One of my readers and a fellow history buff told me that sweet oranges came from China. I haven’t had the energy to research it yet, mostly because I trust her. But I can’t help but suddenly feel like my class titled Age of Exploration & Colonization of the Americas had some issues. Which is the class that taught me sweet oranges were a New World commodity.
It also surprises me a bit when I learn that my college professors were handing out incorrect information. I’m not sure why that’s the case. We’re only as good as the resources available to us and professors can get hold of incorrect information just like anyone else.
She cracked a joke about Wikipedia and all I could think was I hope that in 2006, my professors weren’t getting their lecture content from Wikipedia. I don’t consider Wikipedia a reliable source of information, occasionally referencing it only after I’ve verified the validity of the information in an article.
At some point, I realize I will have to do my own research and verify the items I consider New World commodities are indeed New World commodities. I know pineapples were native to South America, but I’m now wondering if tobacco and cotton couldn’t also be imports from Asia and simply attributed to the New World because we built huge agricultural empires around them.

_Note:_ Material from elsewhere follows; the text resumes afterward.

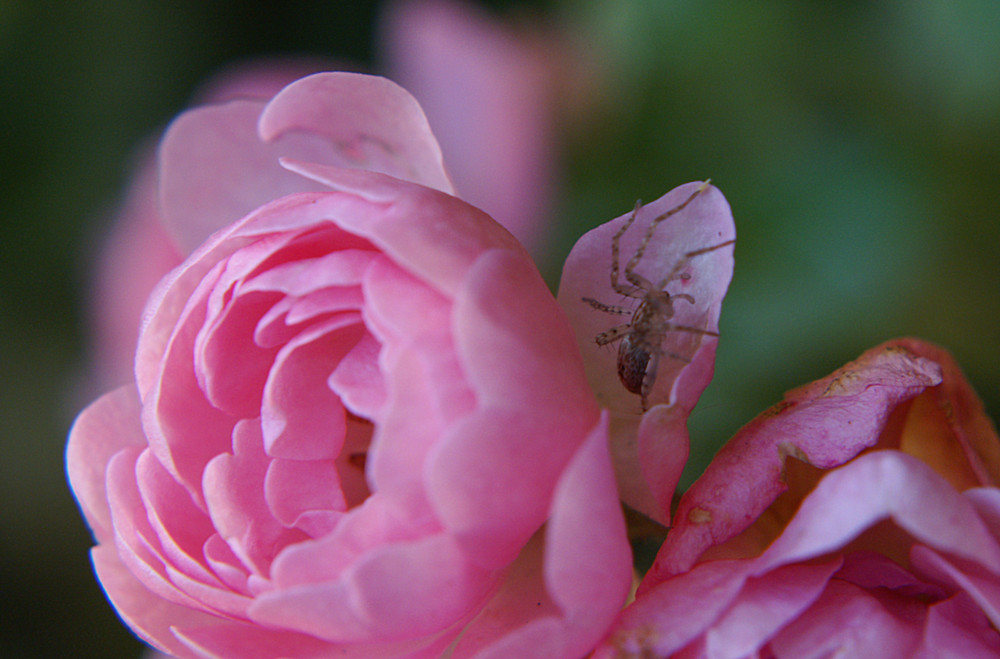 Spinne & Blüte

For some years, I had a list from the class of New World Commodities. It was fairly long, I remember, more than a page, but I only remember about a half dozen items from it; Sweet oranges, tobacco, pineapples, pomegranates, cotton, cocoa, potatoes, and maize. Now, I can be certain on potatoes, cocoa, and maize, as these three products figured prominently in the economies of several pre-Columbian civilizations. And frankly, it would be hard for the Aztecs to use cocoa beans as currency if it wasn’t native. Same with Incas and the potato.